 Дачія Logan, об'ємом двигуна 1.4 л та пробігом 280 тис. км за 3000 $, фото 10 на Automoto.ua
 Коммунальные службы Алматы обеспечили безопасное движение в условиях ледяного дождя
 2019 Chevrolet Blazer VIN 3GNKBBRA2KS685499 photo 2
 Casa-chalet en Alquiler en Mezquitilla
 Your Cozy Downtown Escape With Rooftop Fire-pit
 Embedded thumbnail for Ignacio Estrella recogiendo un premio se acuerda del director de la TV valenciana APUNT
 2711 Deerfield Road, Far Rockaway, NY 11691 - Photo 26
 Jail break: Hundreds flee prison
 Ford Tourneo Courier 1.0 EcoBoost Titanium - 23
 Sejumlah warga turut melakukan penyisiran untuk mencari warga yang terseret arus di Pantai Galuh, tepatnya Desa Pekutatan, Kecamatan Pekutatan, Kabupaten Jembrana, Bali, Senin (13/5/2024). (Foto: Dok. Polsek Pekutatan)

§ §

▶ EXERCISE DESCRIPTION
Could you retype every record above exactly as written?

▶ TASK ANSWER
 Дачія Logan, об'ємом двигуна 1.4 л та пробігом 280 тис. км за 3000 $, фото 10 на Automoto.ua
 Коммунальные службы Алматы обеспечили безопасное движение в условиях ледяного дождя
 2019 Chevrolet Blazer VIN 3GNKBBRA2KS685499 photo 2
 Casa-chalet en Alquiler en Mezquitilla
 Your Cozy Downtown Escape With Rooftop Fire-pit
 Embedded thumbnail for Ignacio Estrella recogiendo un premio se acuerda del director de la TV valenciana APUNT
 2711 Deerfield Road, Far Rockaway, NY 11691 - Photo 26
 Jail break: Hundreds flee prison
 Ford Tourneo Courier 1.0 EcoBoost Titanium - 23
 Sejumlah warga turut melakukan penyisiran untuk mencari warga yang terseret arus di Pantai Galuh, tepatnya Desa Pekutatan, Kecamatan Pekutatan, Kabupaten Jembrana, Bali, Senin (13/5/2024). (Foto: Dok. Polsek Pekutatan)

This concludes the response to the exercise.